Students moved to Manual Tech after gas leak
Around noon, ambulances responded to calls from Manuel Career Technical Center to monitor the students taken there. A medical director was on site at the tech center to monitor the remaining students.
That’s where students were released to their parents throughout the day.
“I was worried about them,” grandparent Dana Gibson said. “You know that can cause all kind of things going on.”
Urgency and panic filled the atmosphere as parents waited in line to pick up their child.
“I have stood in line for over 45 minutes,” grandparent Kimberly Bunting said. “It was horrible.”
“The whole school was filled with police officers, fire fighters, ambulance and it was scary when I saw the stretchers,” student Aubrey Bunting said.
Bunting is a sixth grader at the school and watched it all unfold.
“It was like calm down,” Bunting said. “Everybody is going to be fine. We’re going to take a bus to a different school and all that.”
The district said four buses were used to bring students over, meanwhile six students and two adults were taken to the hospital.
“It was more like people were feeling lightheaded,” Bunting said. “They felt like they were gonna throw up.”
“We noticed the symptoms from the kids before, that was our main identifier that something was off, was that we had some kids that were displaying some typical symptoms of carbon monoxide poisoning,” KCPS Spokesperson, Elle Moxley, said. “That made us call emergency personnel to the building to check things out.”
The Kansas City School District said it notified parents of children at the school about the incident. The district said people taken to the hospital Wednesday morning should be released the same day.
District plans repair to heating system
KCPS said Spire checked out the heating system at Longfellow Elementary School last week and did not find any issues at the time.
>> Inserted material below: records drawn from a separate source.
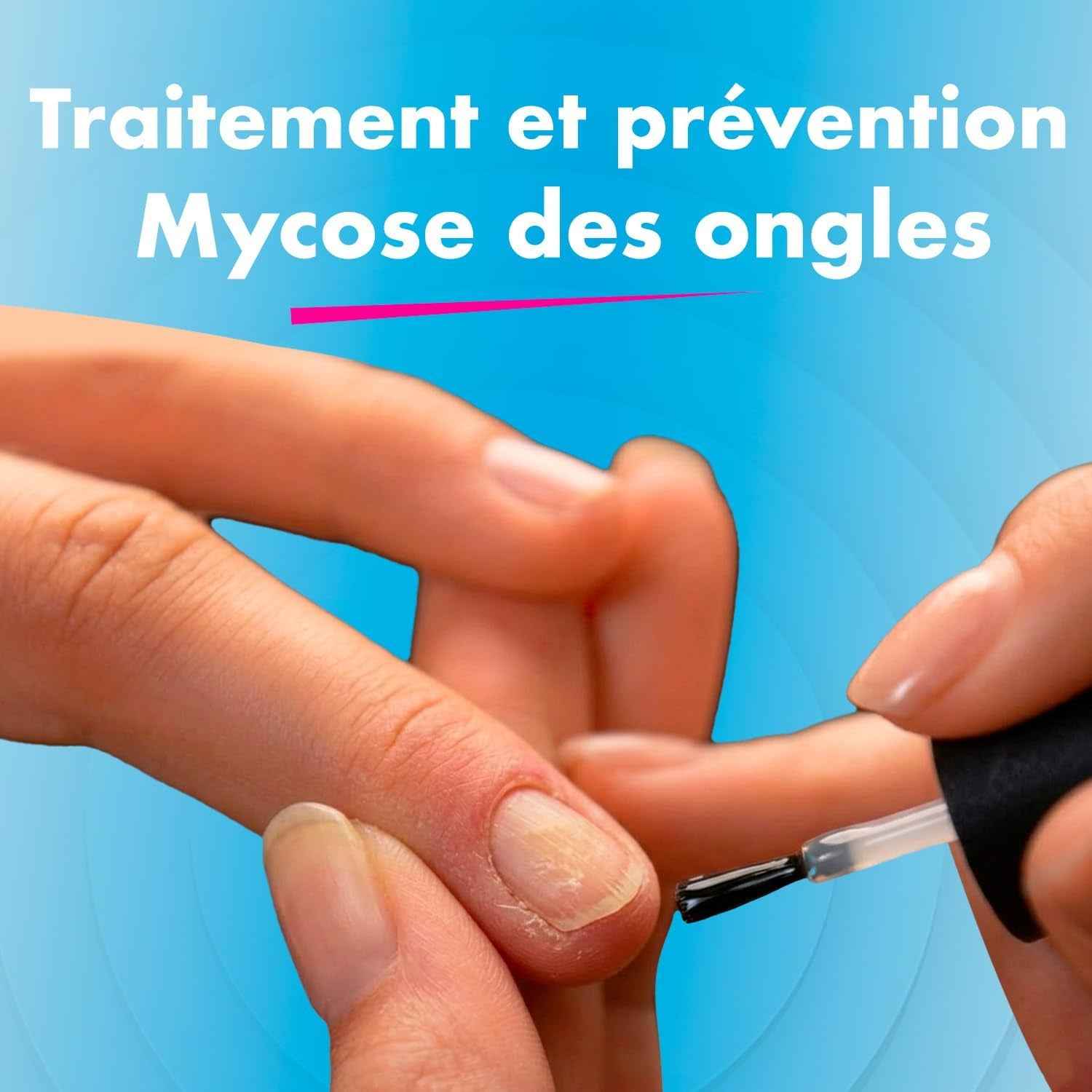 ® Mycose De L’Ongle 3 Actions – Traite La Mycose, Blanchit * Et Renforce Les Ongles * – Application 1 Fois Par Jour – Sans Limage – plus De 400 Applications – 7 Ml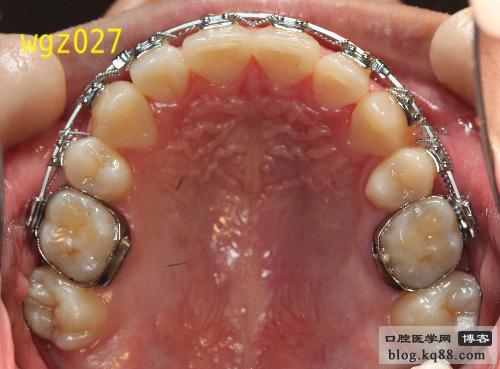 正畸带环传递方法如何规范高效操作？-图2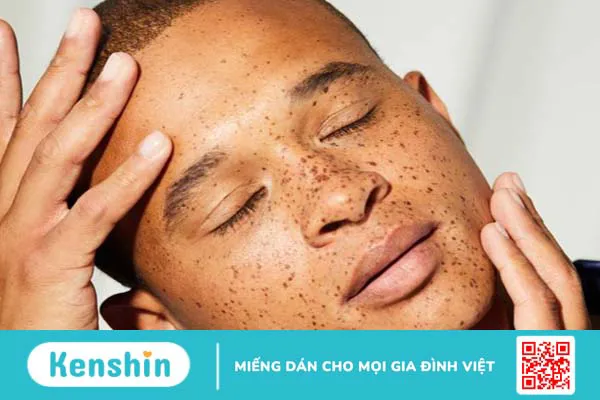 Cách trị tàn nhang tận gốc 2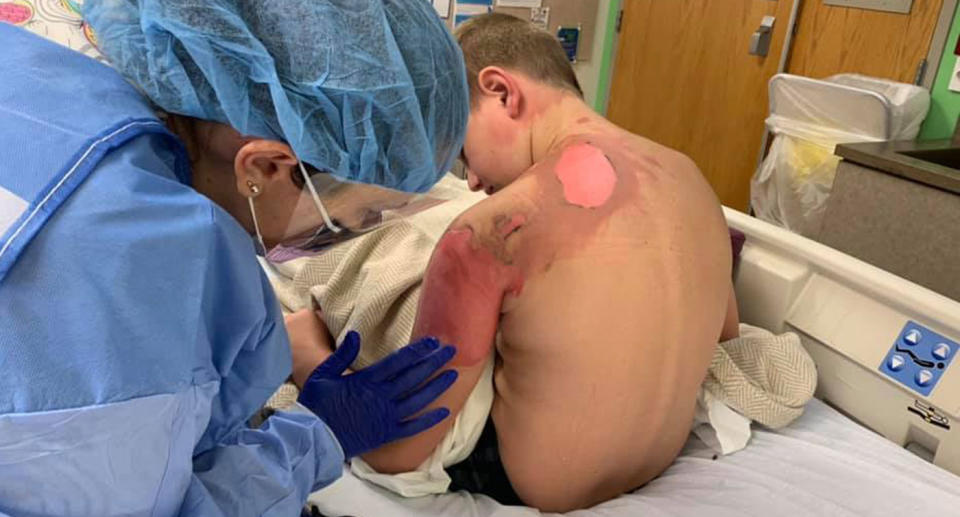 Billy Oliver is checked over by doctors after he was scalded with hot water. The 11-year-old received second and third degree burns after his mum said he took part in the hot water challenge.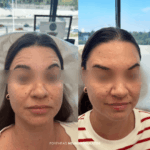 Before and after forehead treatment with neuromodulators
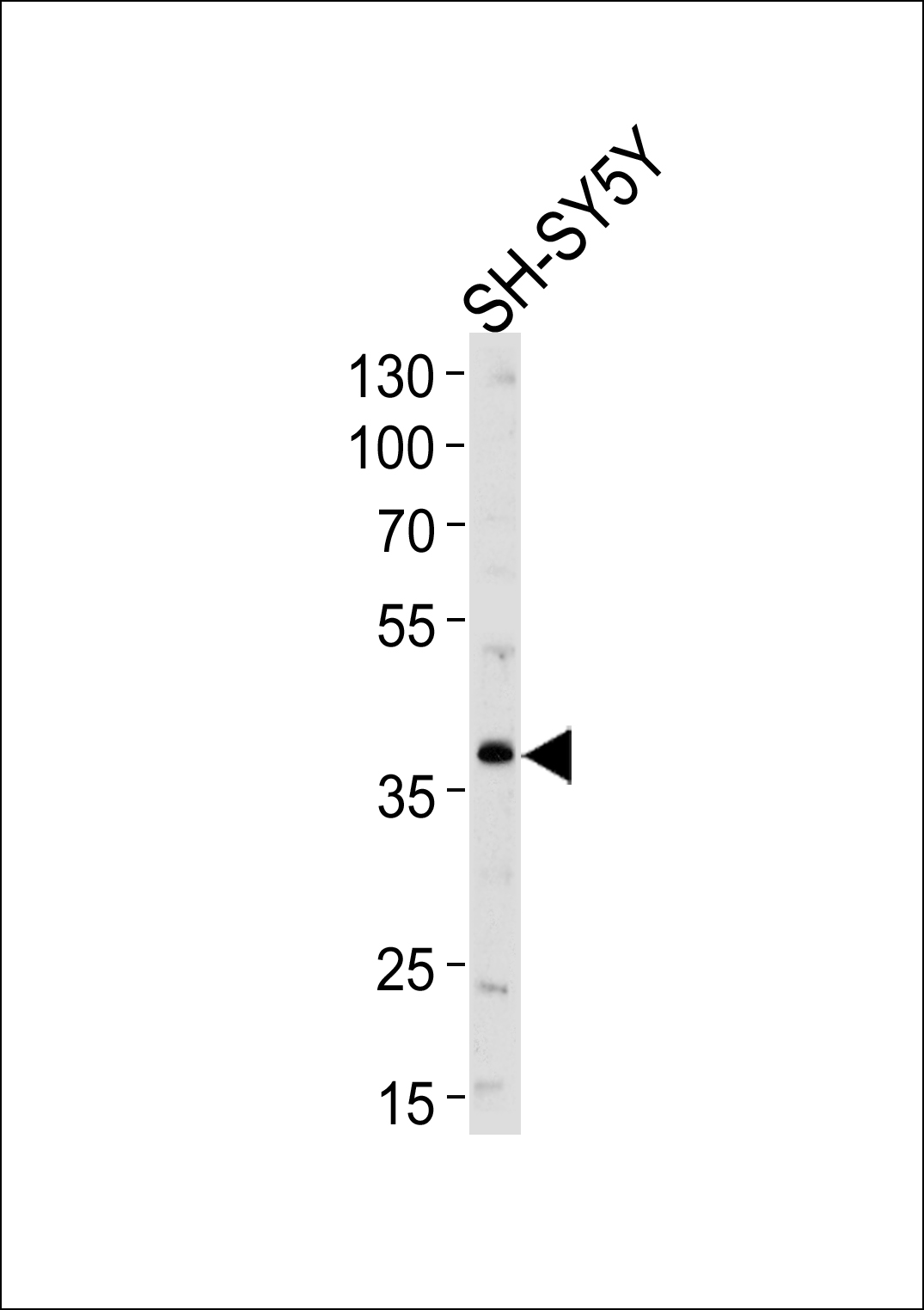 SERPINI1 (N-term)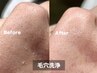 【スキンケア】まずはお試し★小鼻のみの毛穴洗浄 ¥3,000(初回のみ)
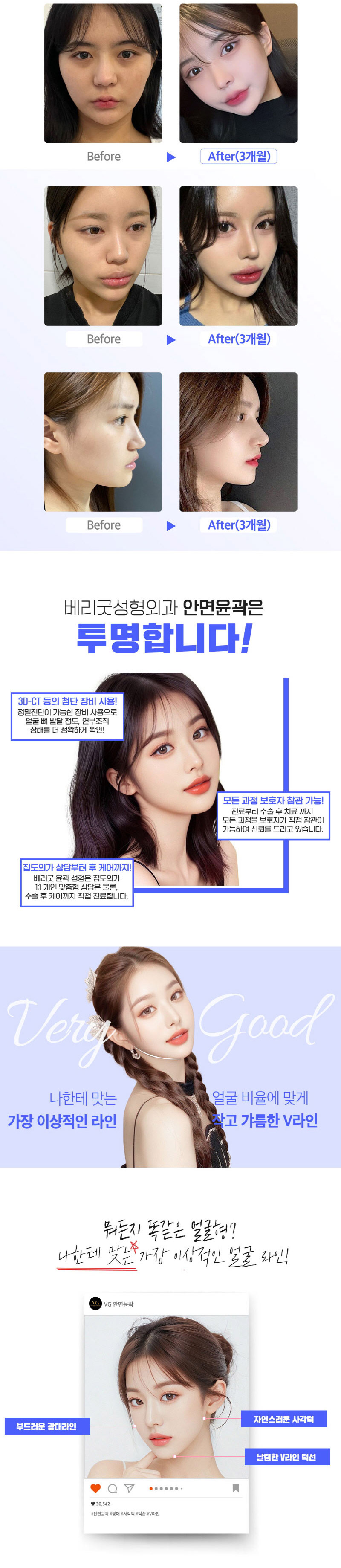 베리굿성형외과의원 베리굿♡추가금없는 안면윤곽 이벤트, 시술 상세 이미지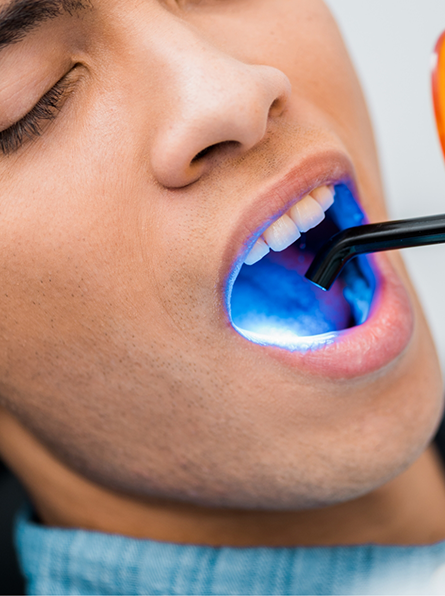 Man receiving dental bonding procedure
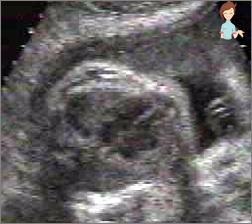 الحمل 36 أسبوعا - تطوير الجنين والشعور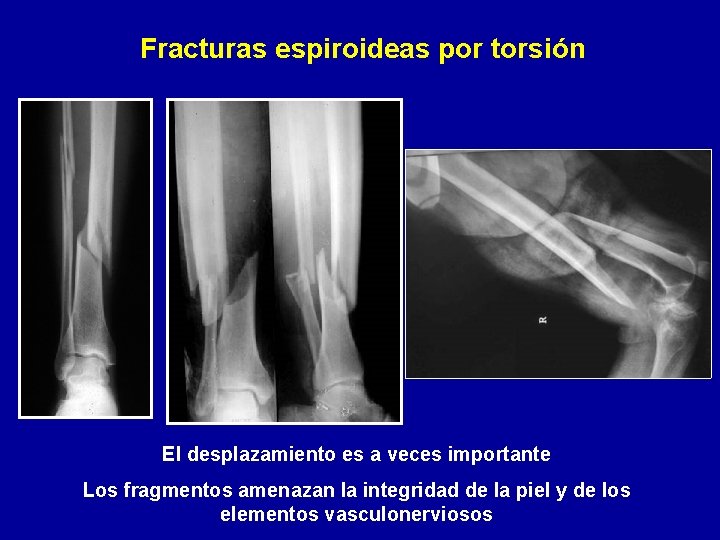 Fracturas espiroideas por torsión El desplazamiento es a veces importante Los fragmentos amenazan la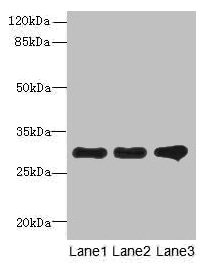FAM82B Antibody - Western blot All lanes: RMDN1 antibody at 0.6µg/ml Lane 1: K562 whole cell lysate Lane 2: HepG2 whole cell lysate Lane 3: MCF-7 whole cell lysate Secondary Goat polyclonal to rabbit IgG at 1/10000 dilution Predicted band size: 36, 33, 31 kDa Observed band size: 31 kDa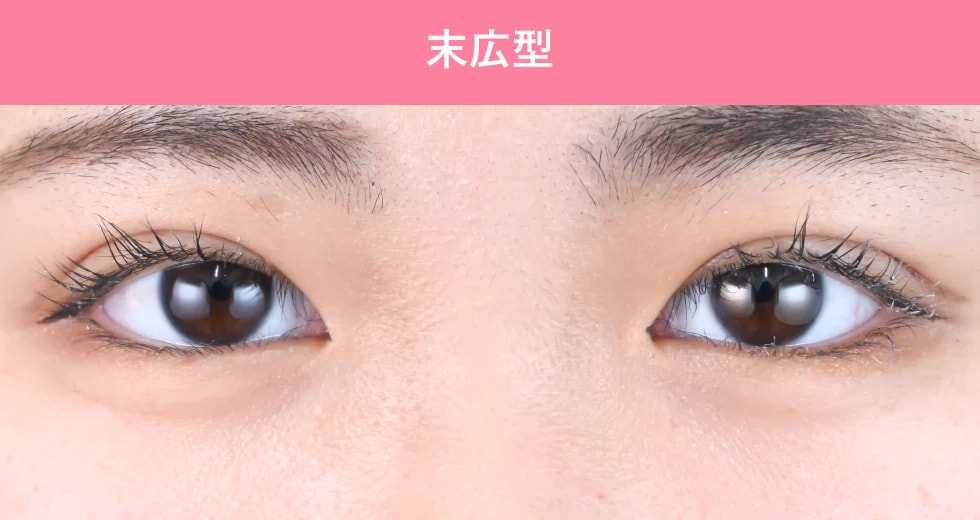 {クイックコスメティークダブル} {10代}  {女性} の術後の症例写真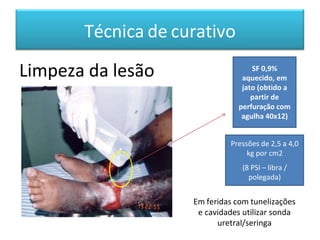 Técnica de curativo
Pressões de 2,5 a 4,0
kg por cm2
(8 PSI – libra /
polegada)
Limpeza da lesão
Em feridas com tunelizações
e cavidades utilizar sonda
uretral/seringa
SF 0,9%
aquecido, em
jato (obtido a
partir de
perfuração com
agulha 40x12)
 
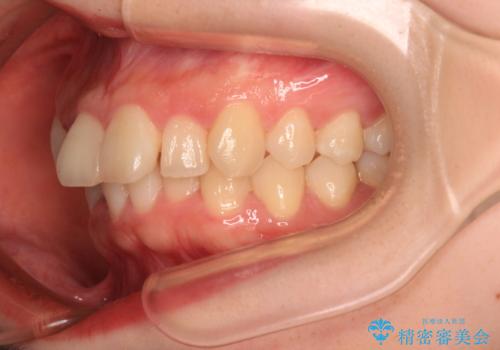 飛び出した前歯を引っ込める ワイヤー装置の非抜歯矯正の治療前
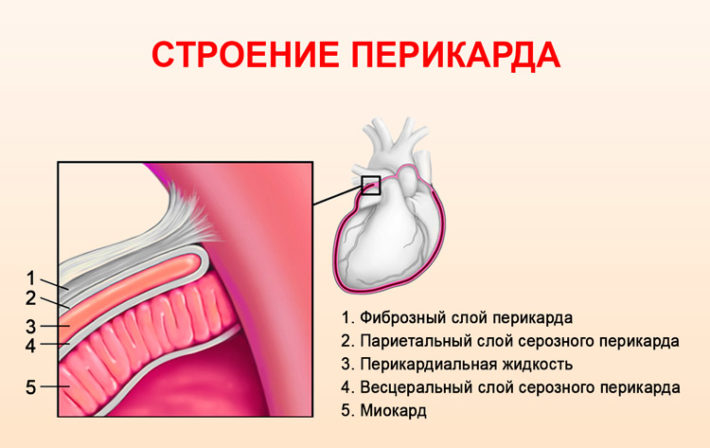 Воспалительные заболевания сердца презентация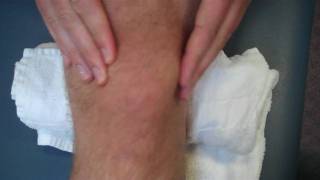 physical therapy guru patellar mobilizations [upl. by Ellehcsar]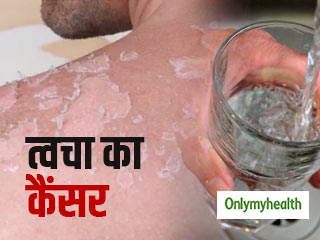दिल्ली में जल प्रदूषण से बढ़ रहा है त्वचा कैंसर का खतरा, जानें कैसे बचे इससे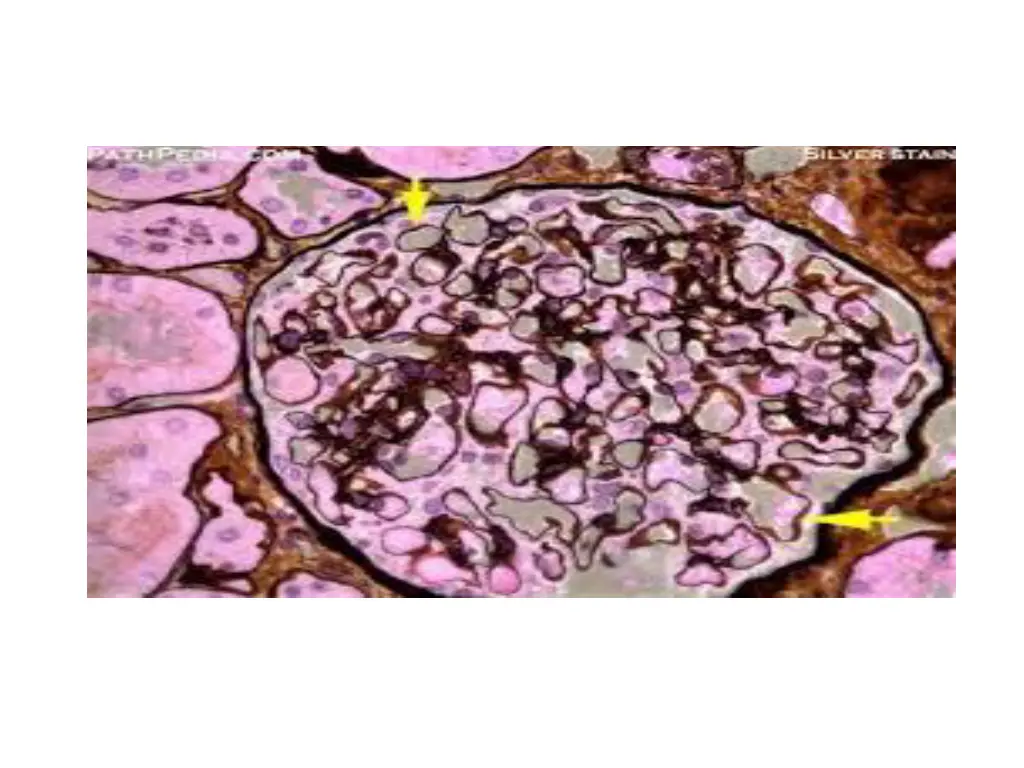 slide26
KCFD also did an inspection this month and did not identify any problems at the school.
The district is working with the fire department to determine fixes that need to be made and what needs to happen next.
“Now we are going to work very closely with the fire department to make sure this building is safe and then we will make a determination about what school looks like for these kids for the rest of the week,” Moxley said.
The school district said it has additional support staff available for students who may need it.